A sudden reversal of this sort is not calculable or predictable. This wasn’t the scheme of Esther and Mordecai. The unexpected turn of events was unexpected precisely because it came from outside the realm of human control. Some greater power had acted, and had unraveled the finely crafted plot against the Jews.
How did He act? He moved hearts. First, Mordecai and Esther. Then Ahasuerus. Then the satraps, the governors, and the administrators. Then the people. God changed hearts, affections, and allegiances. He moved some to fear and some to courage. But make no mistake: all the actors in this extraordinary story were His actors. Each played a part in God’s plan of redemption.
Esther, once part of a condemned people, was now offered whatever she wanted. Ahasuerus, her king, gave her unprecedented autonomy. The king who had banished Vashti in a show of might, was now handing over the decisions to his new queen in complete trust. His heart was changed.

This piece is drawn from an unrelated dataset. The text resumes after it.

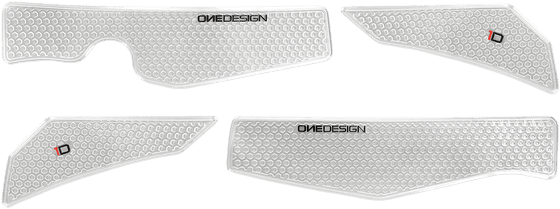 HDR1002A ONEDESIGN side tankpad clear for kx450f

God is a God who acts, not according to the whims and wishes of men, but according to His own good purposes, in His own good time. But, like Haman, the enemies of God’s people face their own undoing instead. And in this story detailing oppression turned into redemption, His people saw their mourning turned into holiday rejoicing. He turns sorrow into dancing, and mourning to laughter. Even when we are surrounded by the darkness of the twelfth day of Adar and there is no hope in sight, the redemption of the morning is coming. Take hope!